Le design en particulier (voir le look de baleine du Nautilus pages 18-19 ou 22-23), et le dessin en général, c'est certainement la grande force de Juni Ba, qui revendique (notamment dans cet entretien) tout un tas d'influences, pas forcément visibles, parce qu'il les a très bien digérées : Mike Mignola (Mobilis est tout de même loin du style de vitrail de Hellboy), Franquin (sans doute les Idées noires plus que Gaston Lagaffe), Hiroyuki Takei, Akira Toriyama (une certaine rondeur à la Dragon Ball dans le dessin), Chris Samnee (l'auteur de Jonna, qui a il est vrai des couleurs mates similaires).
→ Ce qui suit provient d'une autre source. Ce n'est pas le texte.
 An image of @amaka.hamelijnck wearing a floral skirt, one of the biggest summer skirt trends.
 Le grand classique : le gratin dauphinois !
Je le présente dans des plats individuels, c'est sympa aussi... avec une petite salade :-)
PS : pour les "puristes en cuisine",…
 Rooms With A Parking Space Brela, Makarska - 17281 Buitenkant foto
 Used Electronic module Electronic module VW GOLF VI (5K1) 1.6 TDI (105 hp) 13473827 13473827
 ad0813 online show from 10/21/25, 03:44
En fait, le style très tranché de Juni Ba n'appartient qu'à lui, et celui qui le décrit le mieux est certainement Yaneck Chareyre :

"Un dessin basé sur le mouvement, l'énergie, comme s'il prenait le meilleur du comic-book et du manga. Un trait nerveux, dont l'encrage est travaillé avec attention. Les traits de contours sont plus imposants, délimitant les personnages ou les décors avec force, tandis que les détails sont assurés avec un trait plus fin, assurant le juste niveau de détail, sans écraser les lecteurs et lectrices sous une masse d'informations visuelles. Et quand le besoin s'en fait sentir, Ba se passe des détails et s'appuie sur les aplats de couleur pour occuper les cases et isoler les sujets de l'action. Sous un air "foufou" et jeune, l'artiste déploie au contraire un dessin particulièrement réfléchi et toujours en évolution."
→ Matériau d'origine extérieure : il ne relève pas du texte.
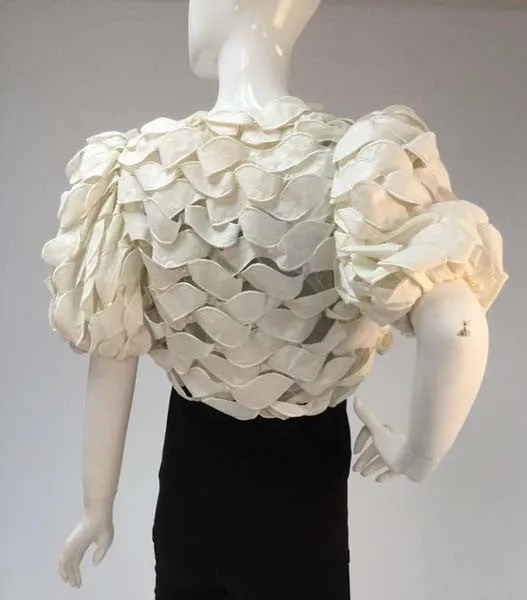 1980s Jacqueline de Ribes Cream Bolero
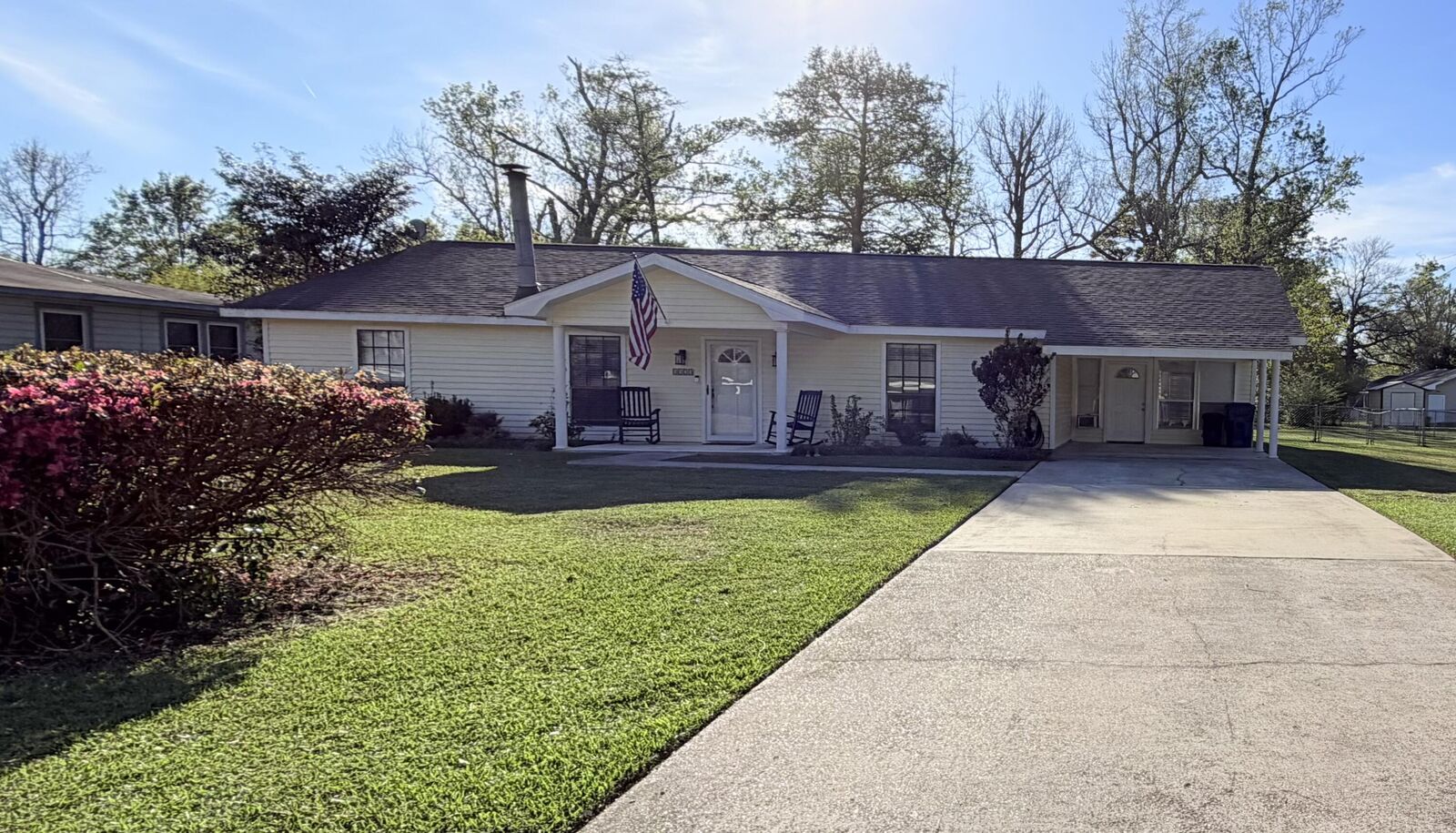 Property Photo:  1123 Walnut  LA 70634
Au final, on l'aura compris, on aurait tort de réserver Mobilis au seul lectorat jeunesse (un choix de l'éditeur français), tant Juni Ba parvient à mettre en images et en mots nos angoisse d'adultes ne sachant trop quoi faire pour empêcher ce monde de courir à sa ruine (page 63) :

"Parfois.. J'ai envie de baisser les bras... De tout arrêter. Pour éviter l'avenir horrible qui nous attend."